Render Unto Eden is the second of a four-part historical album series following War, Horrid War in 2019. Generally speaking when playing extreme metal, it can be difficult to get a message across. In terms of writing about history, I wondered what Van Dijk’s expectations are for the audience to interpret the lyrics outside of experiencing the music.
“You’re not writing it for anybody else,” he says bluntly.
“But surely it’s nice when someone takes the time to read through it. In this band we’re all readers of books. You read a book a second time you get a lot more out of it. Imagine you do that a third and fourth time, you’re going to get more and more. You shouldn’t expect everyone to understand every nuance or subtlety of anything they’re listening to or reading. You just hope that maybe people will read it and it will make them think, and maybe think differently. For me personally, I like words. I like reading, I like seeing the words on the page.”
L to R: Thomas Gervais (bass), Goliath (vocals), Brock "Kaizer" Van Dijk (guitar/vocals)
Photo by Andrew Craig
In some of my previous At Home interviews, I’ve spoken about how many of our most talented homegrown artists have much larger followings outside of Canada. I would say that this goes double for underground metal bands, and in the last decade many of the most notable acts have been from Toronto. Bands like Skull Fist, Crimson Shadows, and Operus have all gained significant international fanbases. Panzerfaust have already toured the U.S, and appeared at Norway’s most famous heavy gathering, the Inferno Metal Festival. As far as Canadian black metal goes, it’s difficult to argue that they’ve become our biggest representative.
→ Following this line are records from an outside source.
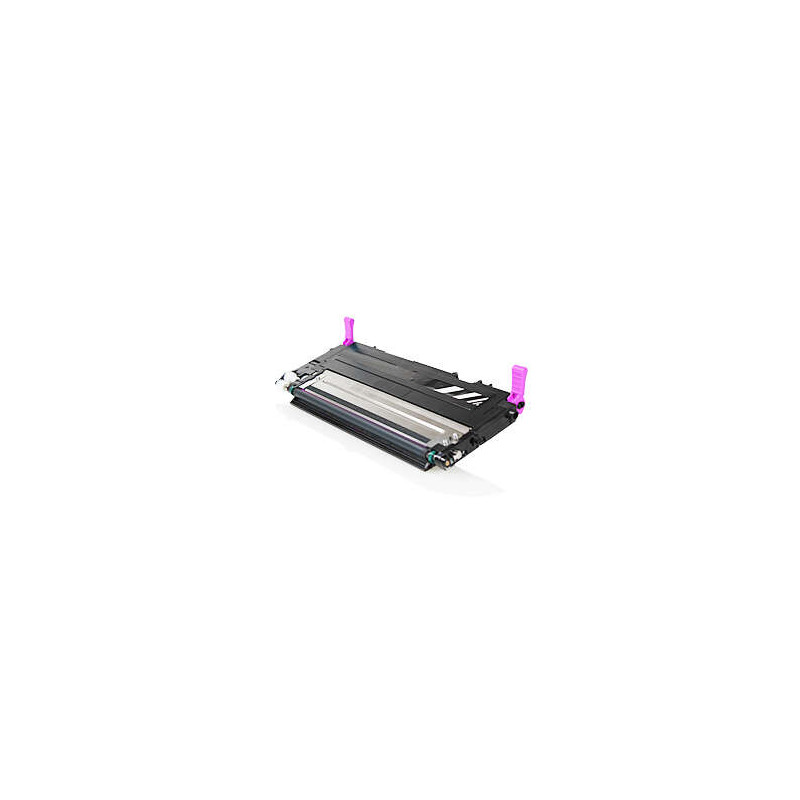 Tóner Samsung CLT-M404S Magenta Compatible - 11,80€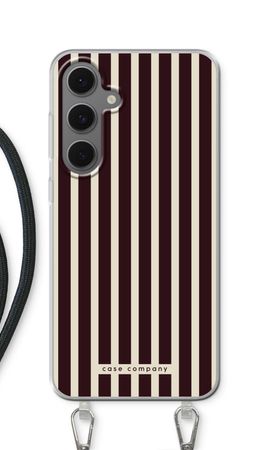 Bamboo Stripe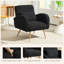 Upholstered Armchair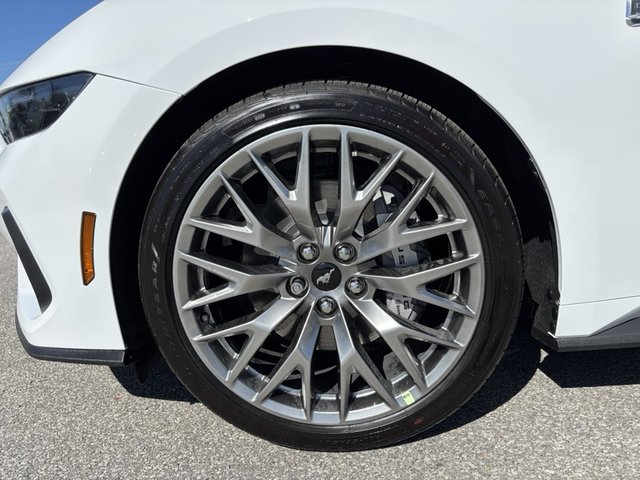 2025 Ford Mustang GT photo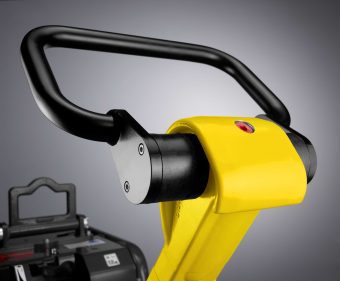 ZAGĘSZCZARKA PŁYTA WACKER NEUSON DPU 3750 HETS NOWA - obrazek 9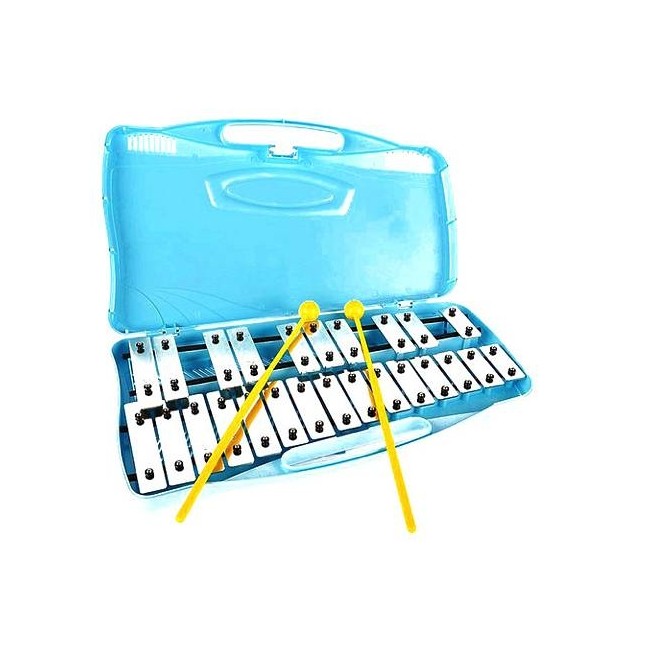 ANGEL AG-25N2 - GLOCKENSPIEL A 25 NOTE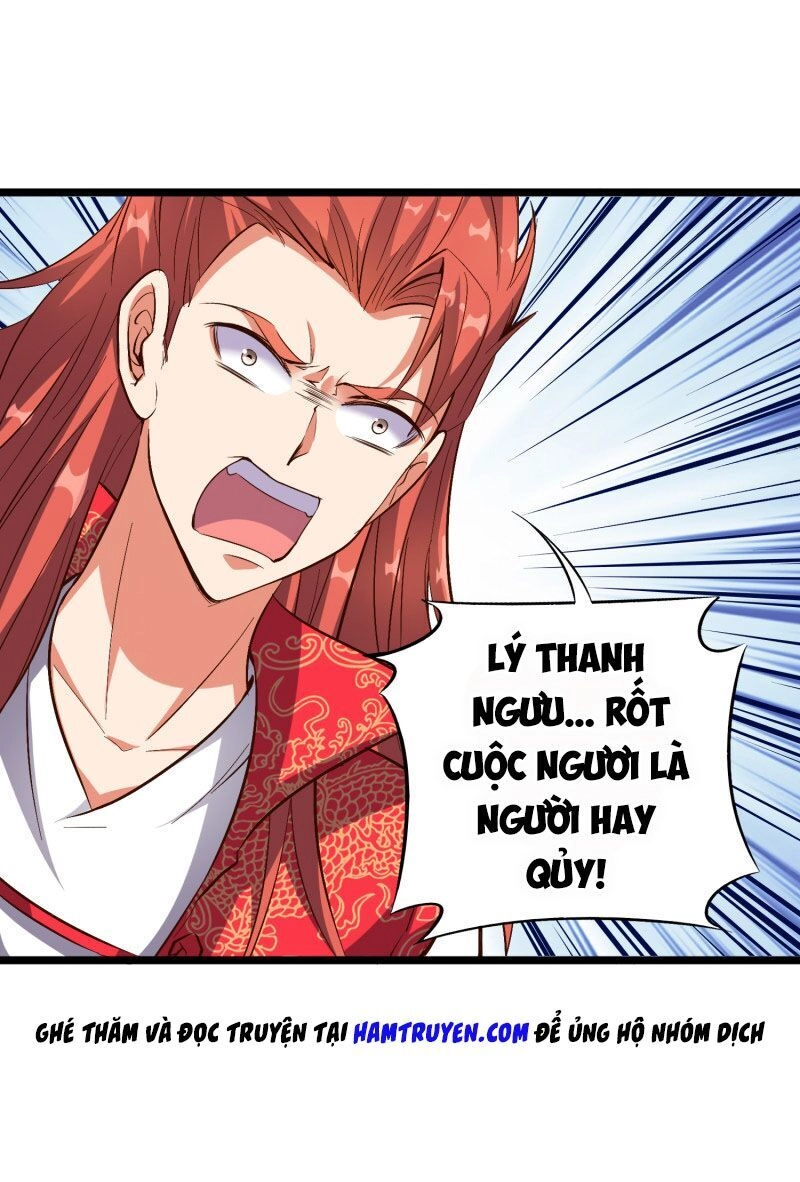 Phục Thiên Thánh Chủ Chapter 30 - 2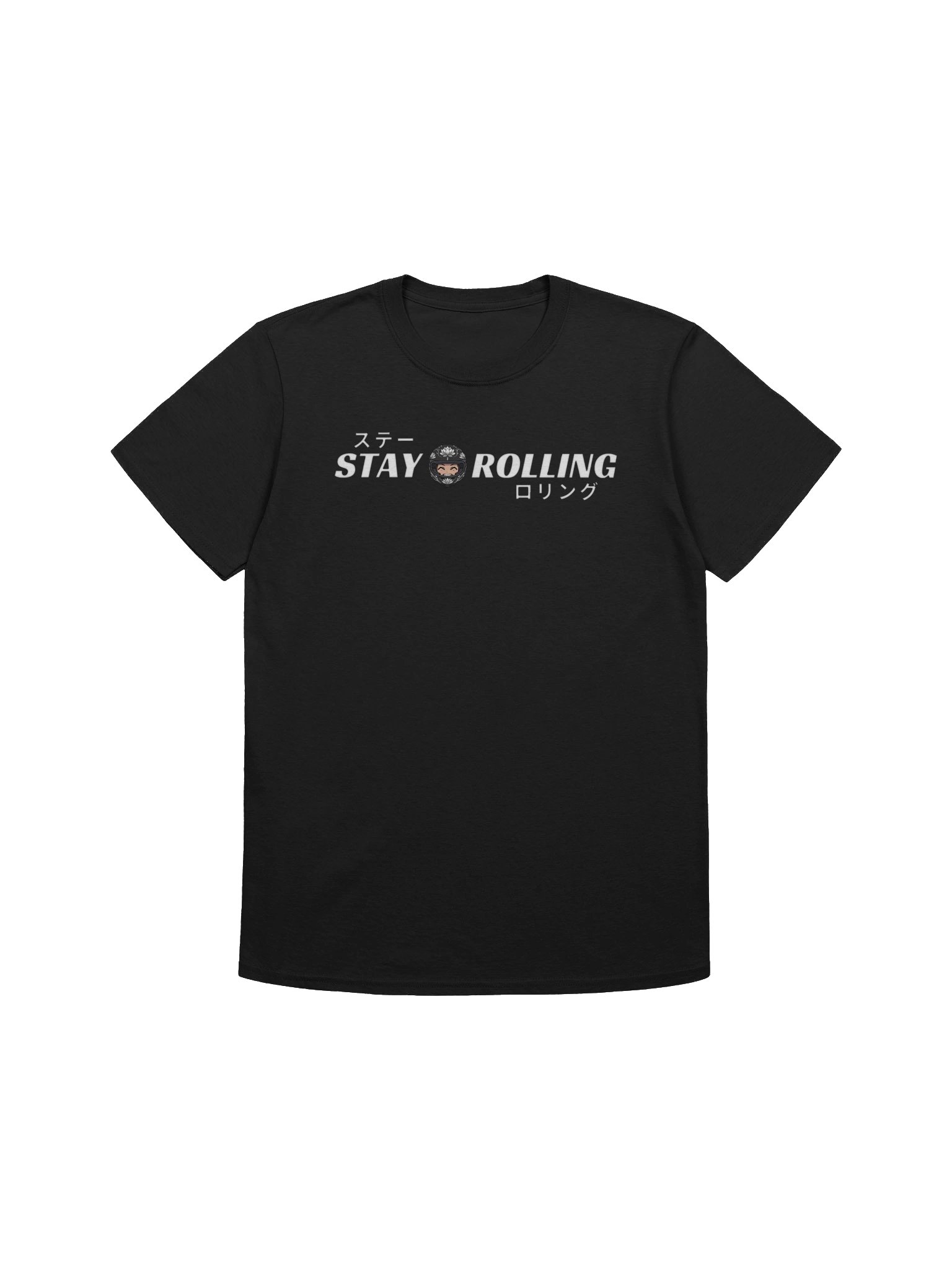 DRAYV Club Official T-Shirt product image (1)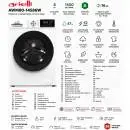 ARIELLI AWM80-14586W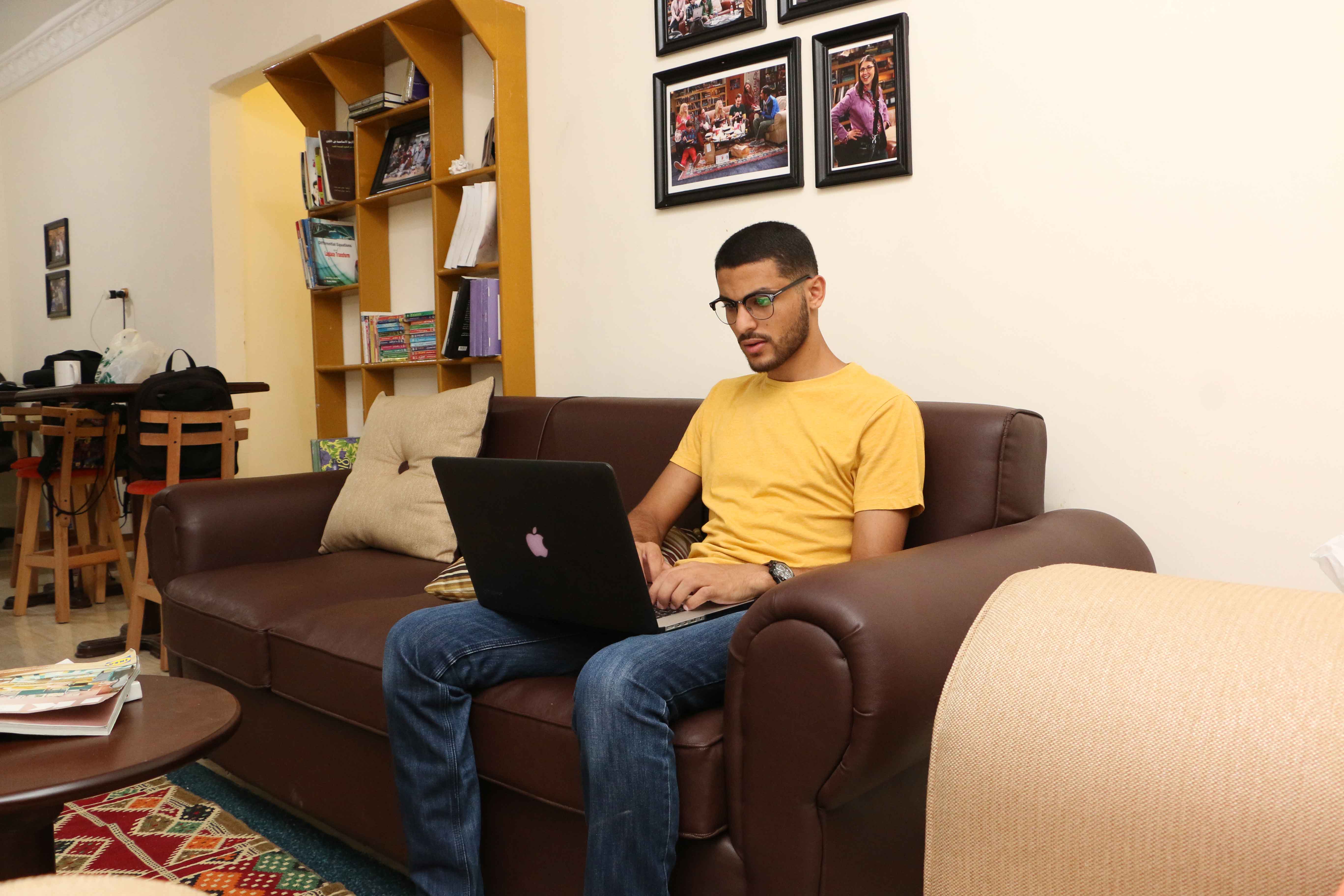 The  Big Bang Coworking Space image 4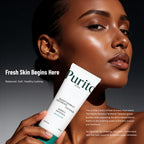PURITO SEOUL Mighty Bamboo Panthenol Cleanser 150ml / 5.07 fl. Oz.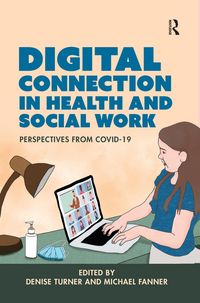 Produktbild: Digital Connection in Health and Social Work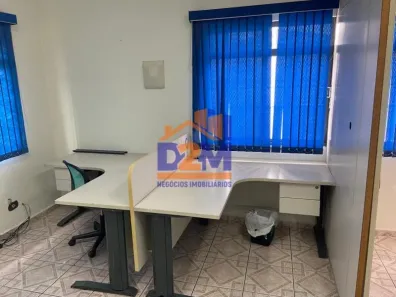 Sala Comercial para alugar, 20m² no Centro, Osasco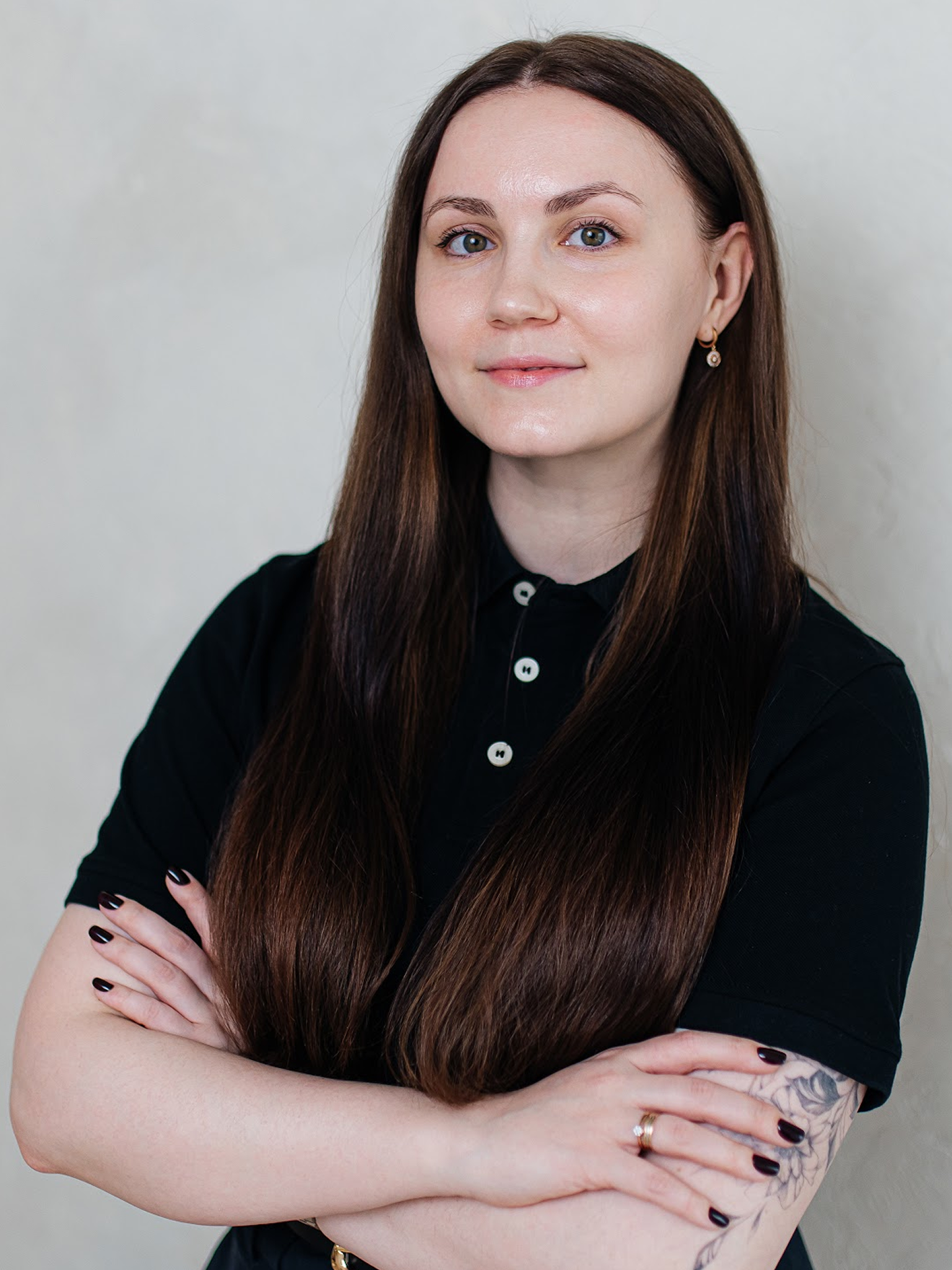 Ksenia Grigorjeva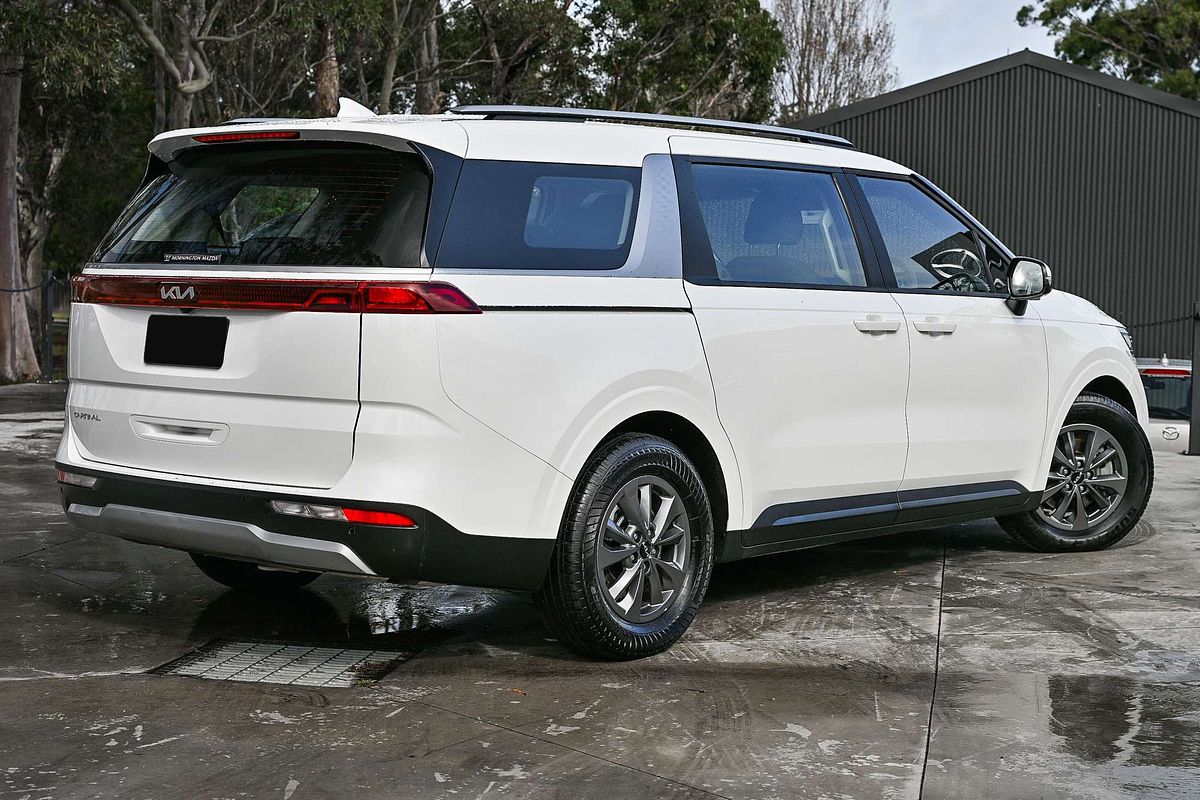 2023 Kia Carnival S KA4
“I think the sphere we were operating in was kind of hindering our ability to expand in the direction that we probably should have long before,” says Van Dijk.
“You go to Europe there’s just more of a foundation for metal support. I think (metal) is more ‘artistically accepted’ there as a legitimate form of expression. It’s hard to put the United States in just one compartment, cause it’s such a big country and every city is so different. It’s not just one monolithic block. California is not Kentucky, and Oregon is not Florida, and Texas is not Rhode Island, right? Of course we’d like to play everywhere. You see festivals happening in Indonesia or India, for example. Which I think is great. It’s fantastic that music of this kind is opening up to areas of the world where it may not have been socially acceptable to have it played.”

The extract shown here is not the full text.